To transform data PCA remains a reasonably good method, but for visualization it should be replaced by a method from the subfield of dimension reduction. To evaluate the performance of visualization, we propose key figures of cross-validation with machine learning methods, as well as indices of cluster validity.
单核苷酸多态性(SNPs)是生物学中最大的新数据来源之一。

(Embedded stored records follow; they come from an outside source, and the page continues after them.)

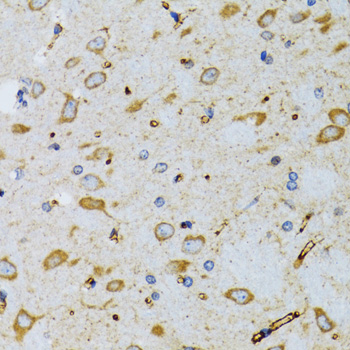 Immunohistochemistry of paraffin-embedded mouse brain using SRP19 Polyclonal antibody at dilution of 1:100 (40x lens).Perform microwave antigen retrieval with 10 mM PBS buffer pH 7.2 before commencing with IHC staining protocol.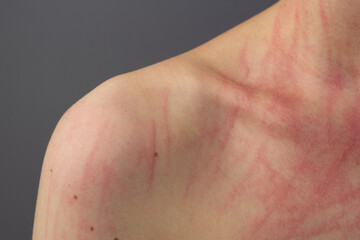 Fototapeta premium Closeup of a young woman’s skin with dermatographia, also known as skin writing.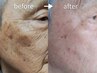 【目立つシミ・モヤモヤシミが気になる方に】最短4ヶ月！シミ改善コース　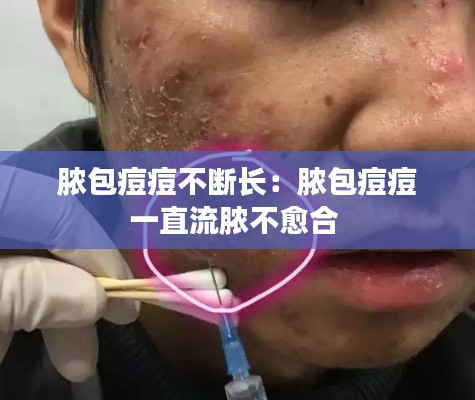 膿包痘痘不斷長：膿包痘痘一直流膿不愈合 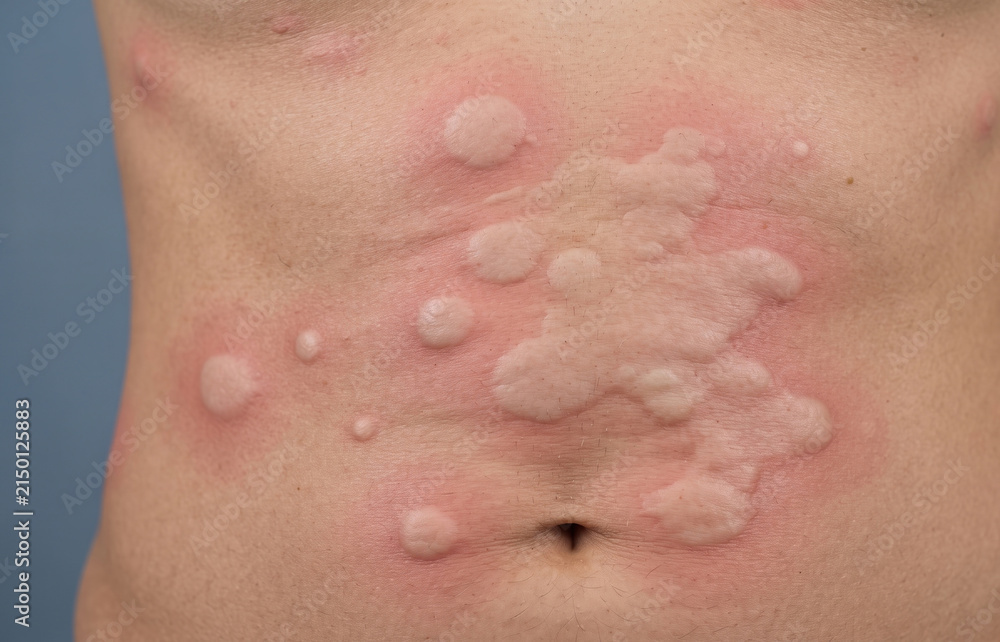 Fototapeta premium Close-up of a human torso covered in large, raised, itchy welts and hives, indicating a severe allergic reaction or urticaria.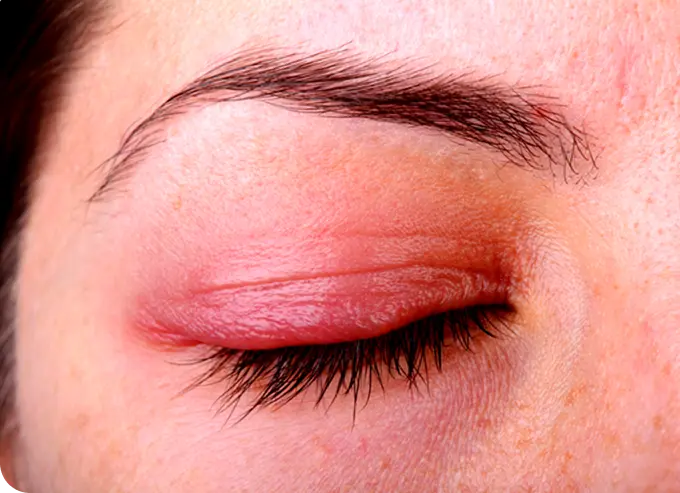 Red Eye lid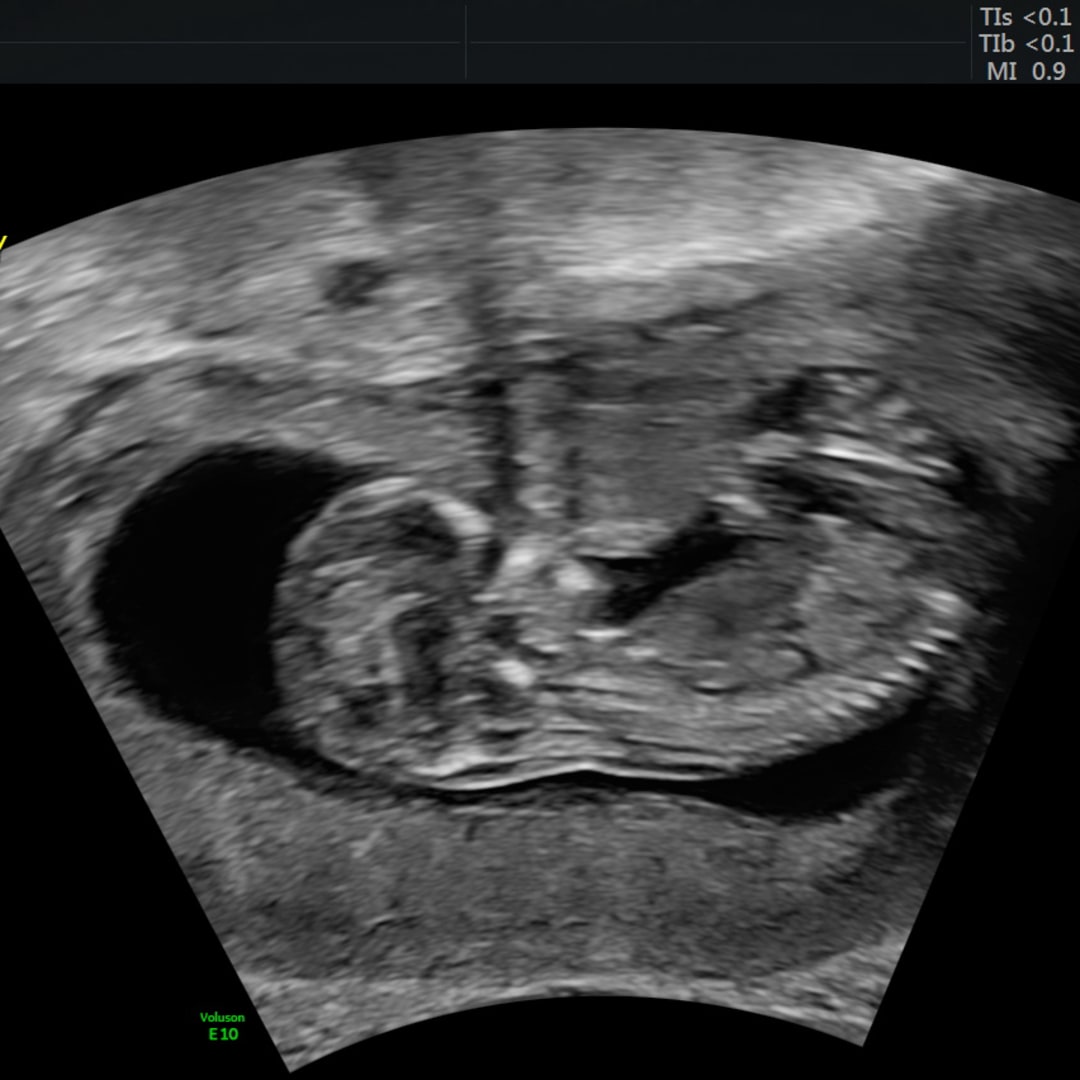 Photo shared by Imani for their Babylist baby registry.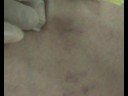 Sclerotherapy Sclerotherapy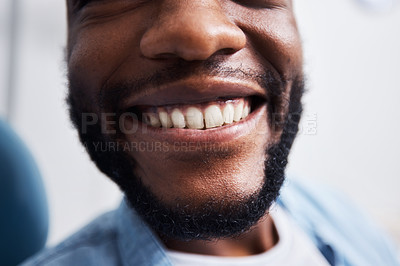 Buy stock photo Shot of an unrecognisable smiling brightly after having had dental work done
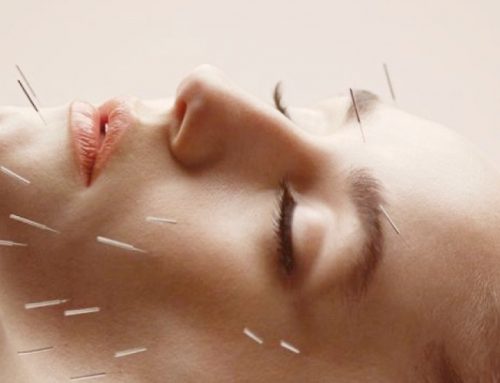 lifting facial con acupuntura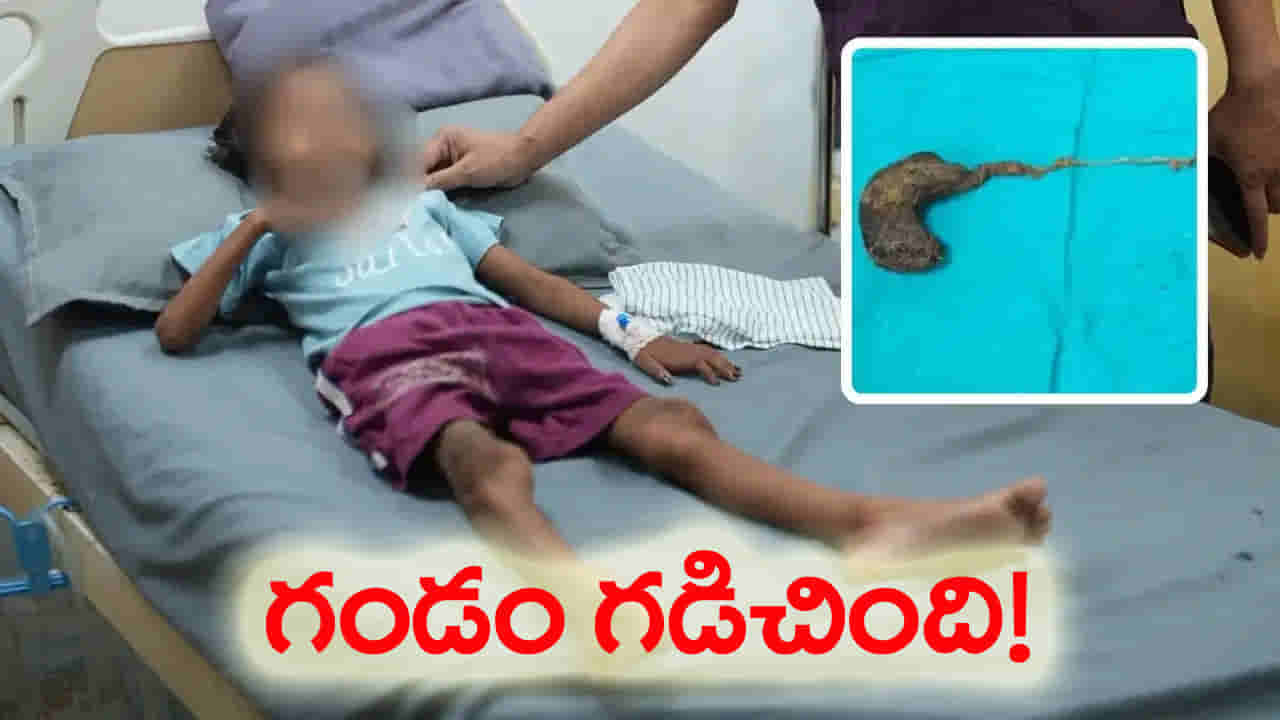 కడుపునొప్పితో ఆసుపత్రికి ఏడేళ్ల బాలిక.. స్కాన్ చేసి చూసిన డాక్టర్లు షాక్..!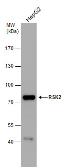 Anti-RSK2 antibody used in Western Blot (WB). GTX105543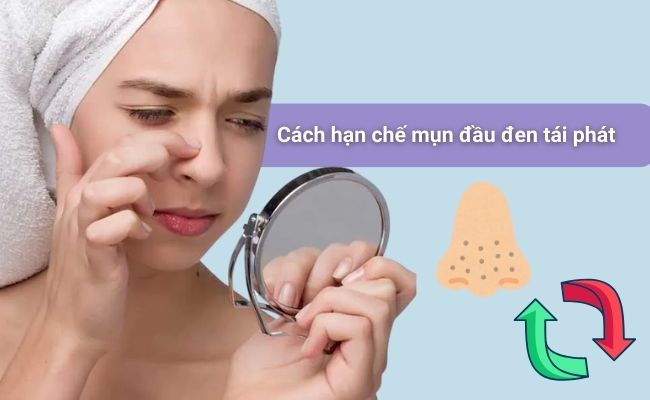 Cách hạn chế mụn đầu đen tái phát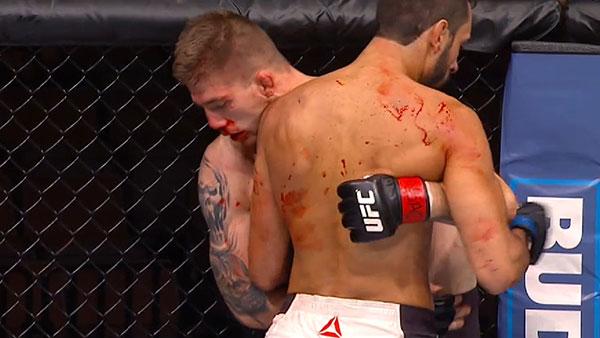 UFC Fight Night 88 - Les suspensions médicales UFC Fight Night 88 - Les suspensions médicales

在大多数论文中,个体之间的 SNPs 是通过主成分分析(PCA)来可视化的,这是一种用于此目的的较旧方法。
我们将 PCA(一种用于此目的的老化方法)与一种较新的方法 t-分布随机邻域嵌入(t-SNE)进行比较,用于可视化大型 SNP 数据集。我们还提出了一组用于评估这些可视化的关键指标;在所有这些指标中,t-SNE 的表现都更好。
要转换数据,PCA 仍然是一种相当不错的方法,但对于可视化,它应该被降维子领域的方法所取代。为了评估可视化的性能,我们提出了使用机器学习方法进行交叉验证的关键指标,以及聚类有效性的指标。